I have no experience of dealing with this type. Should I expand them in Taylor series?

I tried so:

$$=\log(n-1)-\frac{n^{2\alpha+1}}{2}+\frac{n^{3\alpha+1}}{3}-\frac{n^{4\alpha+1}}{4}+O(n^{5\alpha+1})\\ \prec(n-1)-\frac{n^{2\alpha+1}}{2}+\frac{n^{3\alpha+1}}{3}-\frac{n^{4\alpha+1}}{4}+O(n^{5\alpha+1})$$

But then I still feel no where to put my hands on..

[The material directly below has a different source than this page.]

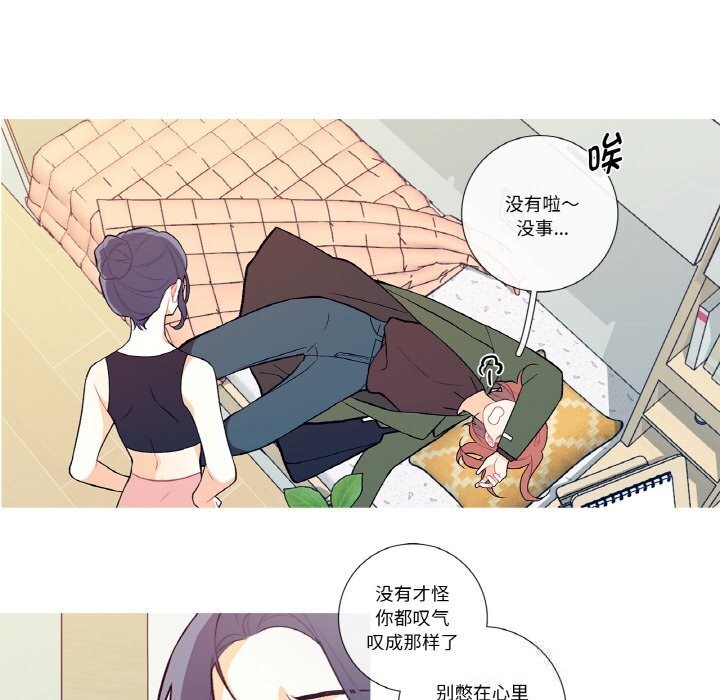 这都什么事儿啊？第8話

Numerics tell that it seems when around $a>-0.45$ the expression goes to negative infinity. But I don't know how to prove this.

Could someone help? many thanks!

Answer 1

The limit is indeed tricky I'm not sure how precise the answer needs to be, so I'll give a nice asymptotic expansion.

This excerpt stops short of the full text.